▶ _Work request_
In the entries that follow, find the line containing "But why is geolocation" and the line containing "As for MAP, mean", then copy exactly everything from the first through the second except the pictures.

▶ _Data excerpts_

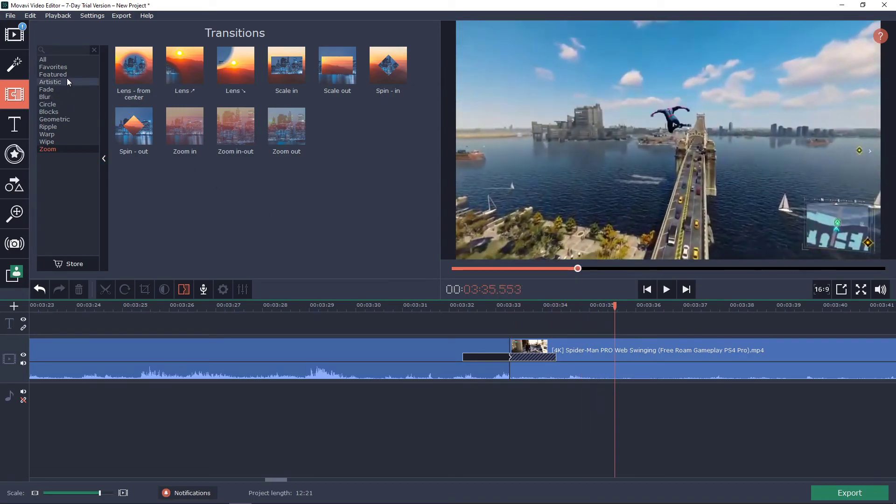Also I recommend using the crossfade as the best one I think. But this is how we can add transitions in Movavi.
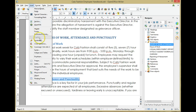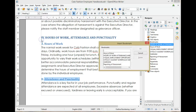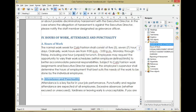Select Insert, then Bookmark, paste the heading and select OK. You will see the new bookmark appears in the navigator section on the right.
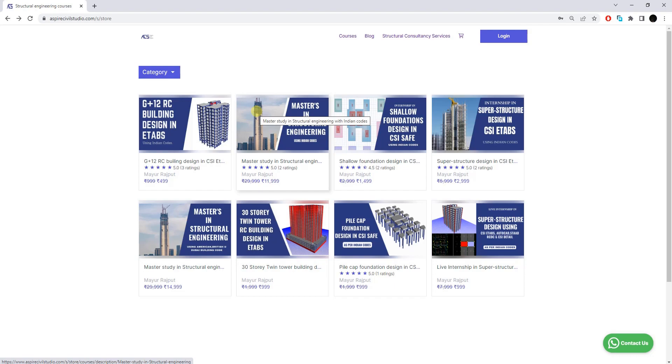Hello and welcome to SPSHV Studio. In this video we are going to discuss about our training program which is called the Master Study in Structural Engineering using the Indian code.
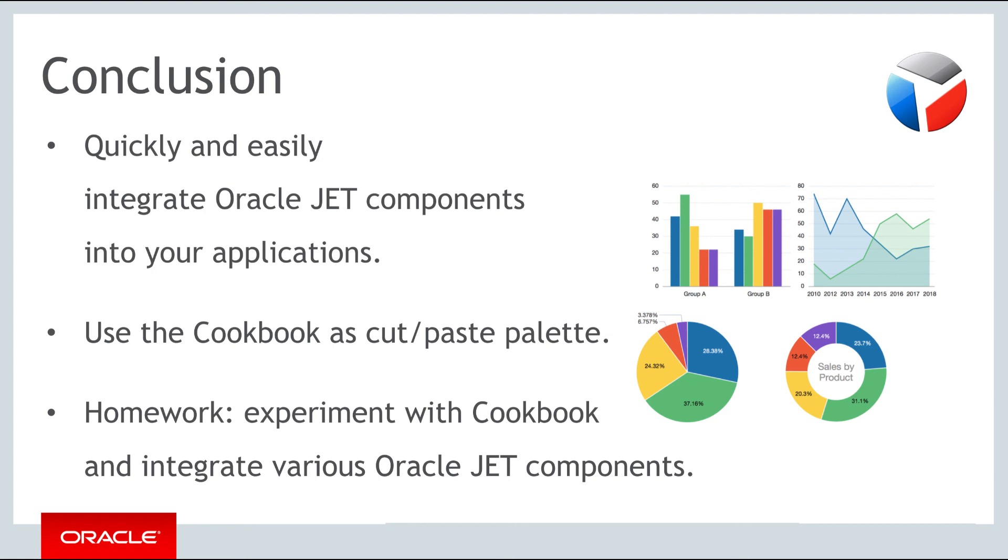You can treat the cookbook like a palette of components that can be cut and pasted into your applications without much work. In the second of the weekly lessons about Oracle Jet, you will be introduced to each of the components and about the benefits of each in your enterprise JavaScript applications. Your homework exercise is to experiment with different components in the online Oracle Jet cookbook and learn how to integrate them into your applications.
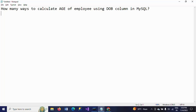Hello friends, this is Ramana. Today I will show the demo on how to resolve one SQL interview question. The question is: how many ways to calculate the age of the employee using the date of birth column in MySQL? We need to calculate the age of the employee using the date of birth column in three different ways: first one is DATEDIFF function, second one is TIMESTAMPDIFF, and third one is YEAR.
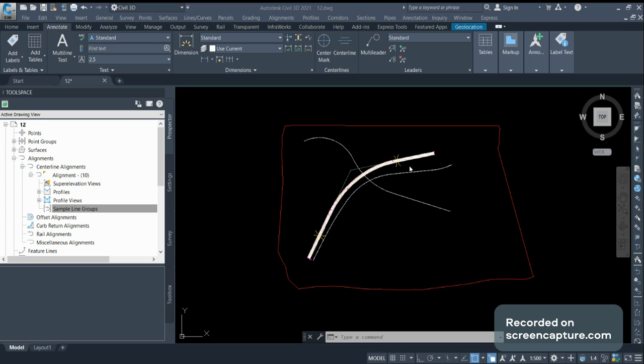In today's video, I am going to show you how you can show details of your existing utility lines or electrical lines without converting them into alignments. Let me start the video.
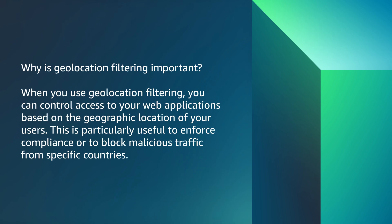But why is geolocation filtering important? When you use geolocation filtering, you can control access to your web application based on the geographic location of your users. This is particularly useful to enforce compliance or to block malicious traffic from specific countries.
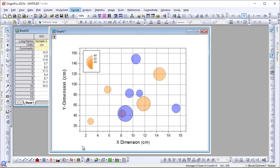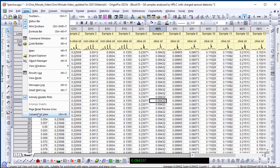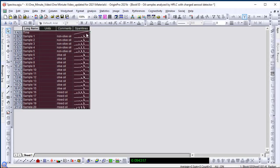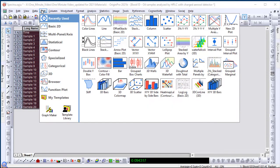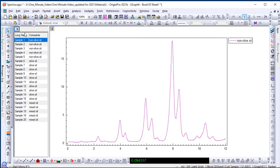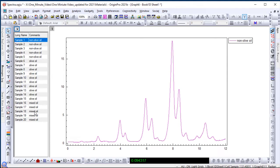For worksheets containing many columns of data, easily switch to a more compact list view. Create a browser graph and use the navigation panel to explore and compare multiple datasets.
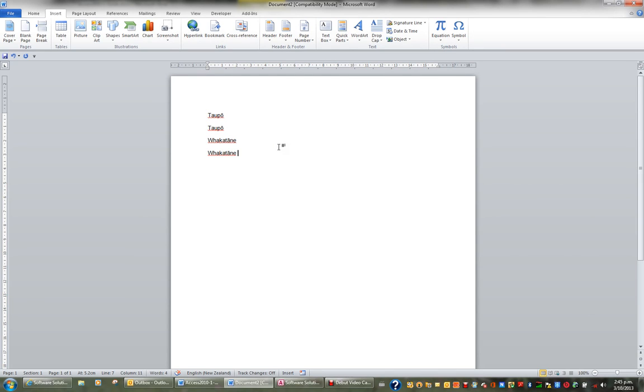So if you deal with Māori words on a regular basis, you might want to add these to your autocorrect and it'll automatically give you your macrons on any particular Māori words.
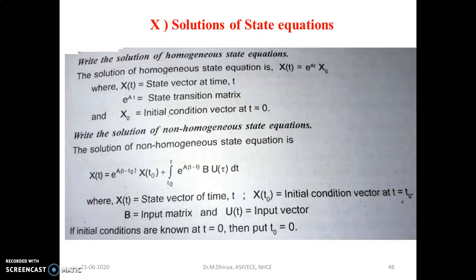The solution of the homogeneous state equation is given by X(t) = e^(At) · X₀, where X(t) is the state vector at any time t, e^(At) is the state transition matrix, and X₀ is the initial condition vector at time t = 0.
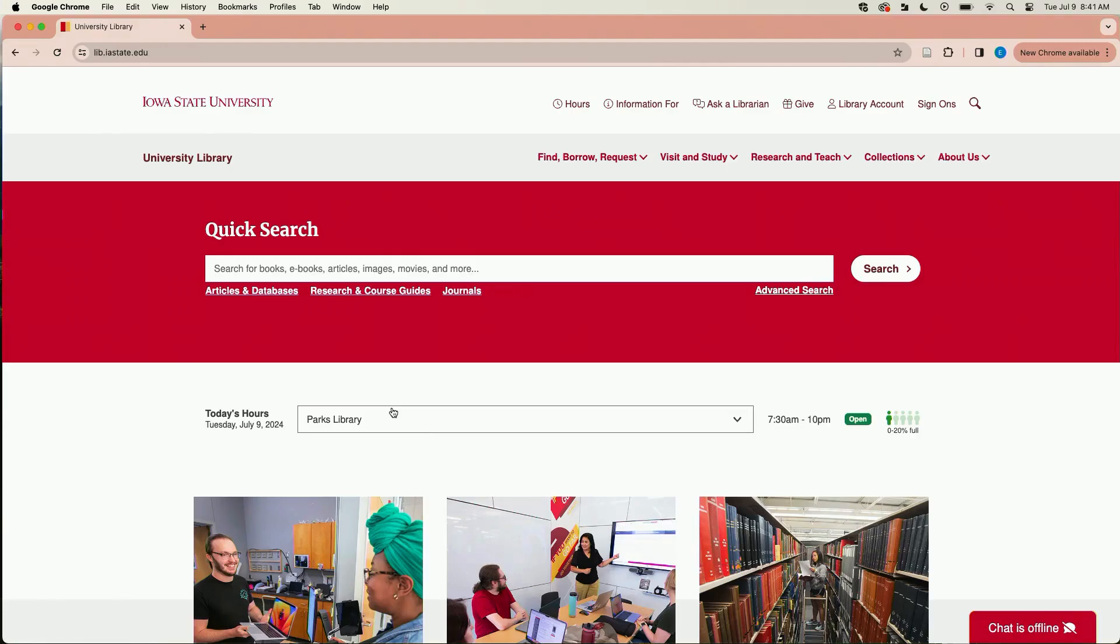Now why would you want to use a thesaurus? A database's thesaurus helps you figure out the specific subject heading or subject term used for a topic by that database.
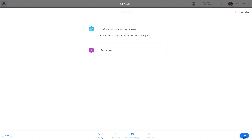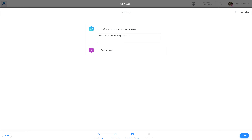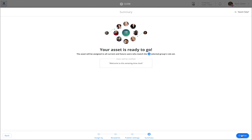Once here, click on Next. Decide if you would like to send a customized message to your new assignees. Click on Next once again, then press Confirm.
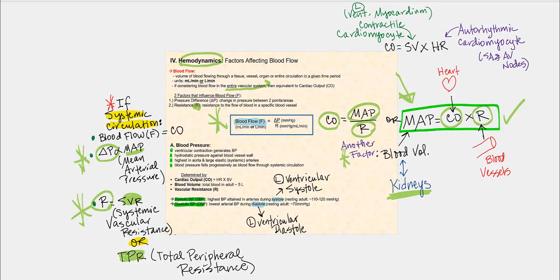As for MAP, mean arterial pressure, we can also refer to it simply as blood pressure. This is generated by ventricular contraction — specifically left ventricular contraction — which generates our blood pressure. It's the hydrostatic pressure that pushes up against the blood vessel wall, which is that perpendicular pressure pushing against the wall of the blood vessel, like what we considered at the capillary with blood hydrostatic pressure.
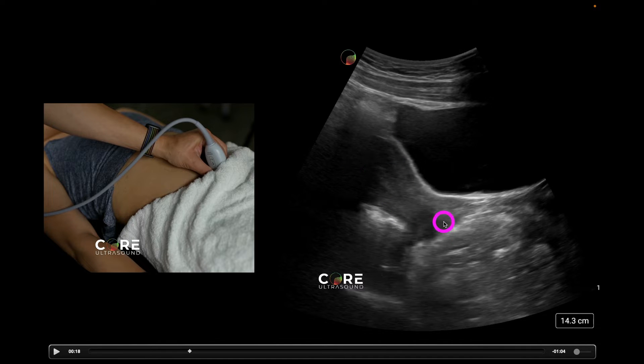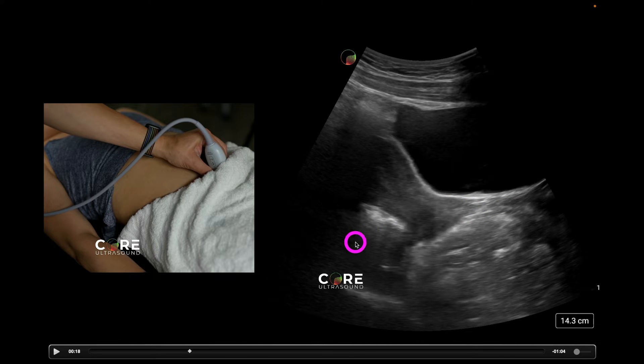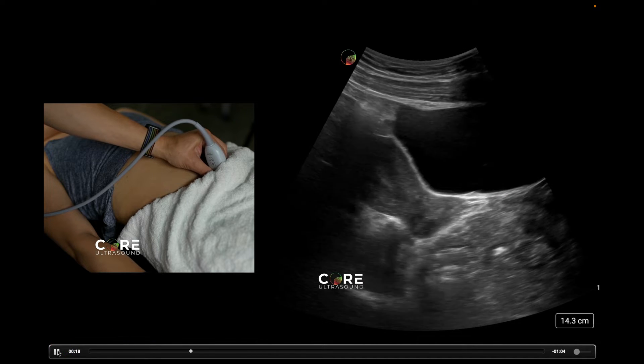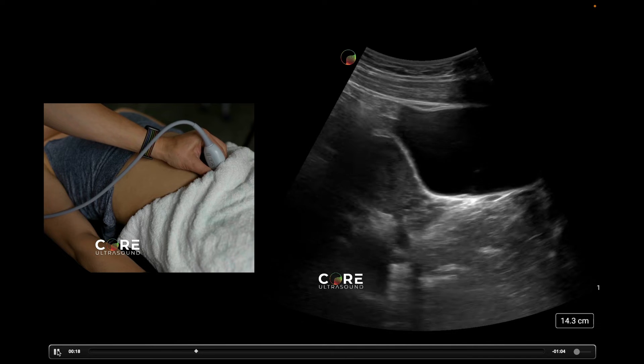Now we're actually able to see a lot more of that uterus. This is the uterus. Down here we have the cervix, and then we have the vaginal canal over here, and then back here we have the pouch of Douglas.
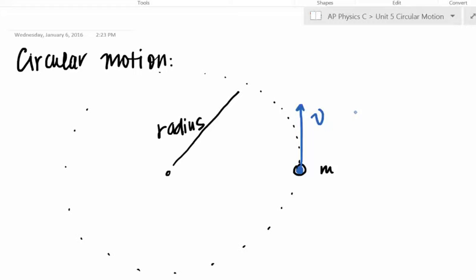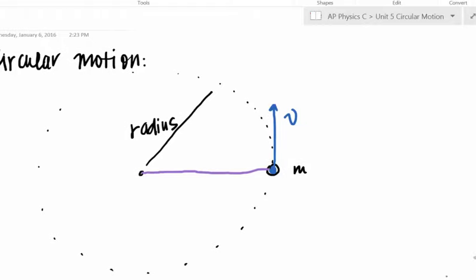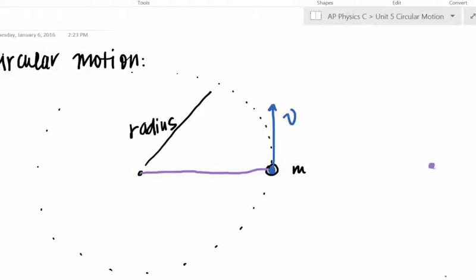The velocity is tangent to the path, so something must be acting on our mass to keep it moving. Maybe this is a mass being moved in circular motion because of a rope attached to it. If you were to draw a force diagram of all the forces acting on your mass at that point, looking from the top, all you'd see is the force of tension in that rope pulling it towards the center.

▶ _Exercise output_
But why is geolocation filtering important? When you use geolocation filtering, you can control access to your web application based on the geographic location of your users. This is particularly useful to enforce compliance or to block malicious traffic from specific countries.
For worksheets containing many columns of data, easily switch to a more compact list view. Create a browser graph and use the navigation panel to explore and compare multiple datasets.
So if you deal with Māori words on a regular basis, you might want to add these to your autocorrect and it'll automatically give you your macrons on any particular Māori words.
The solution of the homogeneous state equation is given by X(t) = e^(At) · X₀, where X(t) is the state vector at any time t, e^(At) is the state transition matrix, and X₀ is the initial condition vector at time t = 0.
Now why would you want to use a thesaurus? A database's thesaurus helps you figure out the specific subject heading or subject term used for a topic by that database.
Once here, click on Next. Decide if you would like to send a customized message to your new assignees. Click on Next once again, then press Confirm.
As for MAP, mean arterial pressure, we can also refer to it simply as blood pressure. This is generated by ventricular contraction — specifically left ventricular contraction — which generates our blood pressure. It's the hydrostatic pressure that pushes up against the blood vessel wall, which is that perpendicular pressure pushing against the wall of the blood vessel, like what we considered at the capillary with blood hydrostatic pressure.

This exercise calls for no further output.